What does climbing Mt. Everest have in common with arts and cultural events? Well, you can start with cachet, line-ups and a diminished experience that can make you wonder whether it’s all worth it in the end.
Last week in Toronto I stood in line for an hour to buy a ticket to the Royal Ontario Museum’s Mesopotamia: Inventing Civilization exhibition, shuffling forlornly ahead centimetres at a time in the rain. The show was great, the entry steeplechase not so much. This week I had a similar experience at Mosaiculture Internationale at Montreal’s Jardin Botanique. Half a snaking hour in the blistering sun, mercifully broken by passage under a few shade trees. Once inside, the press of the crowd on the 2.5-kilometre path you had to walk to see the pieces was almost too much to bear. Trying to find a way around strollers and kids and a tide of people flowing in every direction most of whom had a camera or phone pressed to their face was an annoyance tempered only by the acknowledgement that you were one of them. Again, an amazing exhibit—massive theme-art plant sculpture by a range of participating countries, several many stories high—was somehow sullied by the unease of access. Because I fastidiously avoid lineups in general and only convinced myself of the worth of these because of the unique opportunities they represented for someone who lives 5,000 km away, on both occasions I couldn’t help but think how you might experience the presentation of such incredible human creativity without so many people, what the individualistic feelings and connections might be free of the crush. Granted my timing was certainly at fault—the choice to see both at inopportune times (I’ll claim tourist naiveté) when, with Labour Day, the end of vacation, and school looming, the serotinal crowds were at their height. But another aspect was the reality of attending these heavily advertised “must dos” at all when there are so many other unheralded wonders on display in both cities. Which made me think about how even “must dos” have changed in our once word-of-mouth culture, now turbo-charged by the net and social media to the point where everyone literally feels they must make the effort to have a marquee experience. It’s great for those putting on the events but clearly diminishes the experience of the attendee.

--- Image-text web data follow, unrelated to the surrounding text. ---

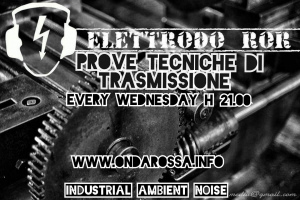 PROVE TECNICHE DI TRASMISSIONE 03/07/24 (Industrial,Ambient,Noise)
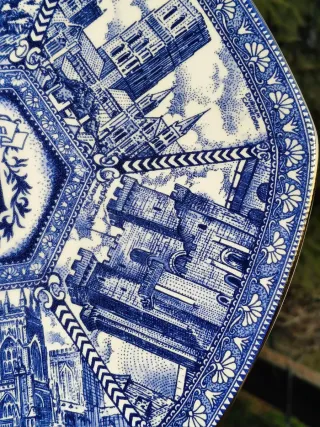 Piatto decorativo Ringtons England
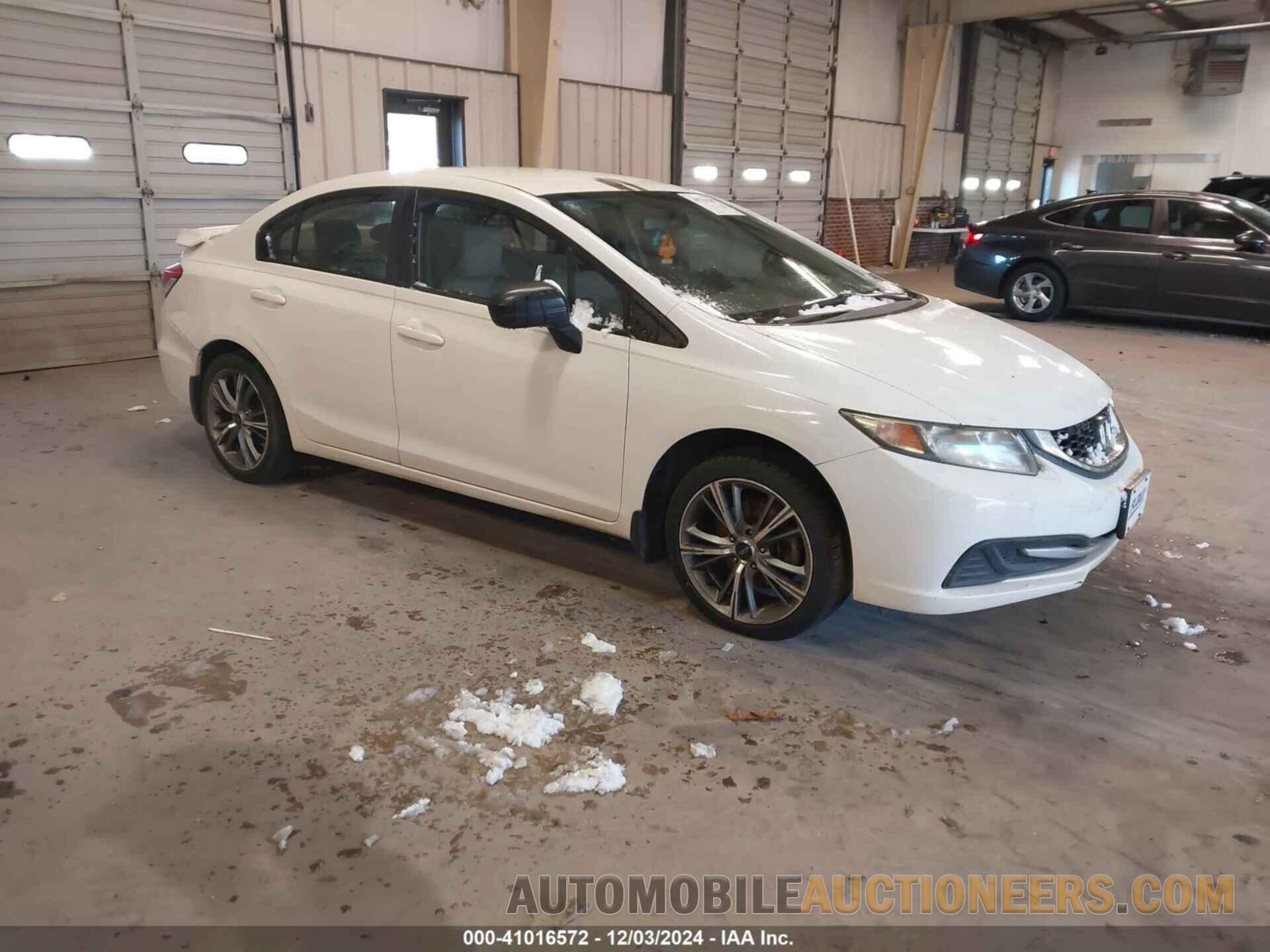 2HGFB2F52EH500815 HONDA CIVIC 2014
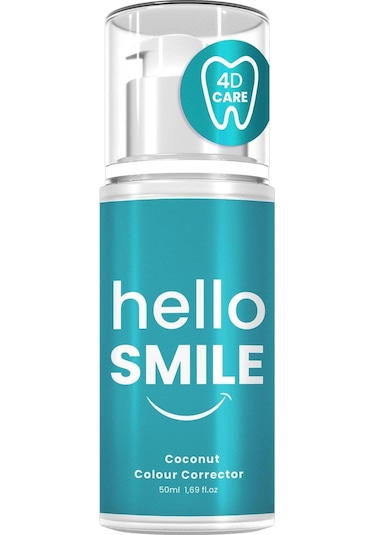 Procsin Hello Smıle Hindistan Cevizi Aromalı Anında Beyazlatıcı Diş Jeli 50 ML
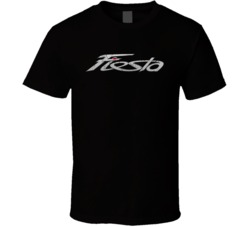 Ford Fiesta Automobile Car Truck Motorcycle Auto Parts Cool Distressed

The thing is, I’d already started thinking about this earlier in the summer, not just in regard to events but in relation to some of the tweeted-up must-hikes in the Sea to Sky corridor. Outside of dark, dawn or dusk, for instance, the Grouse Grind has become a two-way misery of stumbling entourages involving everything from children’s groups to tourist buses to family reunions, interspersed with hard-charging triathletes-in-training pushing everyone aside as they run up. Though Outside magazine perpetrated an incredible faux pas this summer by listing the Grind as one of the 10 Toughest Hikes in the World (for which they were roundly excoriated by everyone), if there were some truth to it at all it would lie not in any of the physical challenge presented but in dealing with the insane crowds. The Stawamus Chief hike in Squamish is scarcely better in summer, the parking lots and trail in kind now regularly jammed day in and day out. It’s still a great hike, but the human factor significantly waters down the impact of the rainforest enclosing it and the magnificent views available if you pry your way through the phalanx at the top.
Alone or in small numbers is the way best to experience such things, as my partner and I were reminded when we happened upon what seemed like a hiking trail while bushwhacking above Green Lake in Whistler. The barely visible route went up, up, and up, through all sorts of different forest and substrate types, talus areas interspersed with mossy domes, mixed forest that changed to small rock-clinging trees then segued to veritable giants arranged in small wetlands. Gurgling streams appeared and we followed the trail as far as we had time for, enchanted and engaged by every little thing we saw, heard and smelled in a way that is impossible when most of your attention is focused on getting around or making way for people on the path. On the way down we met the only person we saw that day, heading up with a clutch of tools on his back to work on the trail. That was the first hint that this really was a hiking area, and furthermore the man allowed that this was the quickest way to get into the alpine in the Whistler Valley, one that largely no one knew about. It seemed likely, given how we’d found it, that it would stay that way, and I was happy both for the knowledge of its existence and the serendipity of discovery. In retrospect, were it not anathema to this very experience, it seems something I would happily stand in line for.
When it comes to visiting Everest, it probably pays to park your disappointment with any of the ruination you encounter, as you’ve come too far and paid too much to not take what you can get. But in circumstances where you can return to something at a better time, it’s best to take a pass on the mob scene and plan to go at a time that maximizes the experience, changing the very notion of a must-do to must-enjoy.